Information shown:

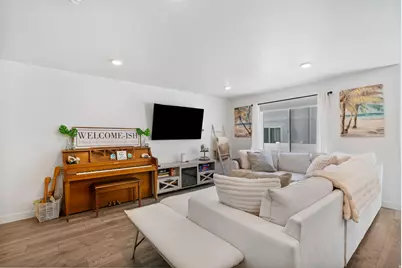 1033 E Reef Dr, Saratoga Springs, UT 84045 - Photo 7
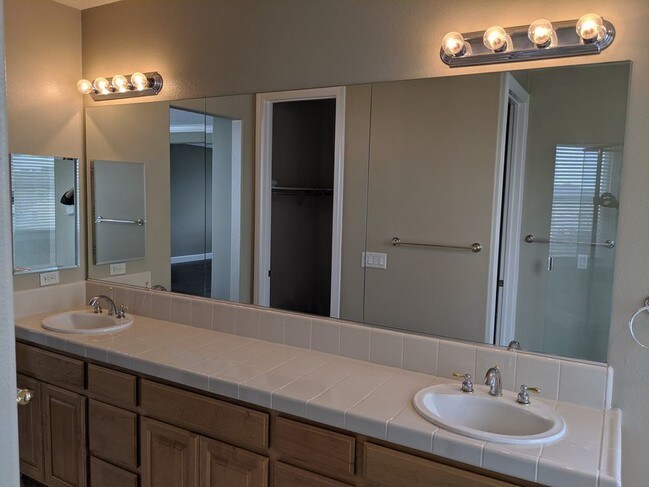 Building Photo - 501 Seacliff Pl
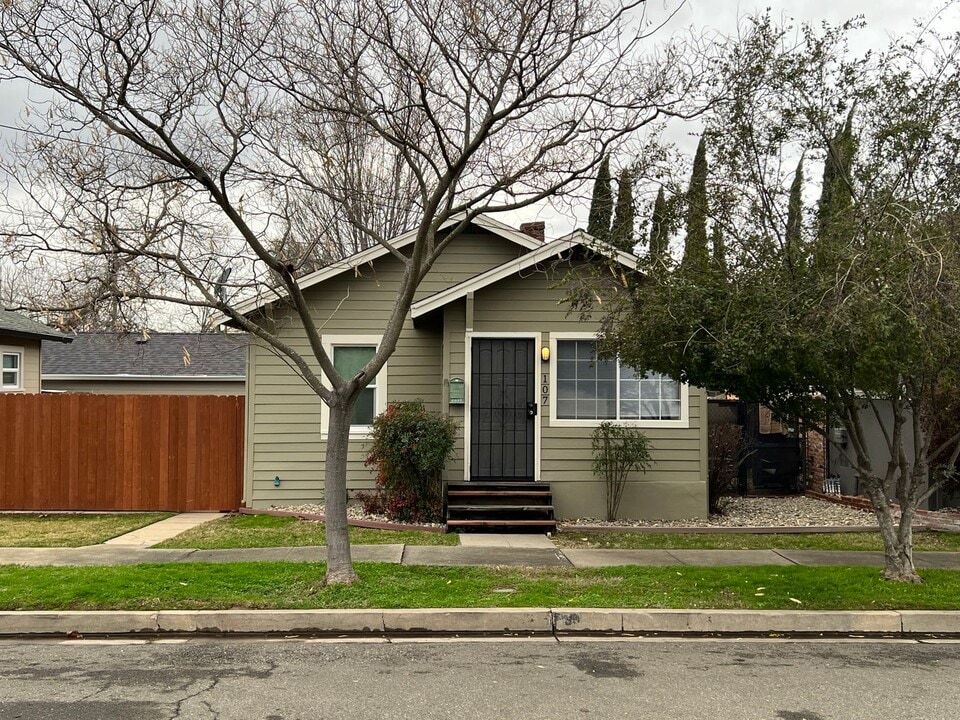 107 Los Vegas Ave in Roseville, CA - Building Photo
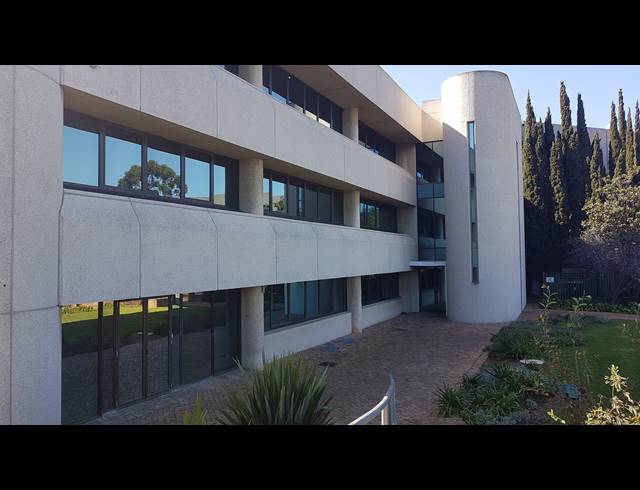 664M² OFFICE TO LET IN TYGER VALLEY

Your task: Return the data above in its exact wording, with none of the pictures.

Answer for this exercise:
 1033 E Reef Dr, Saratoga Springs, UT 84045 - Photo 7
 Building Photo - 501 Seacliff Pl
 107 Los Vegas Ave in Roseville, CA - Building Photo
 664M² OFFICE TO LET IN TYGER VALLEY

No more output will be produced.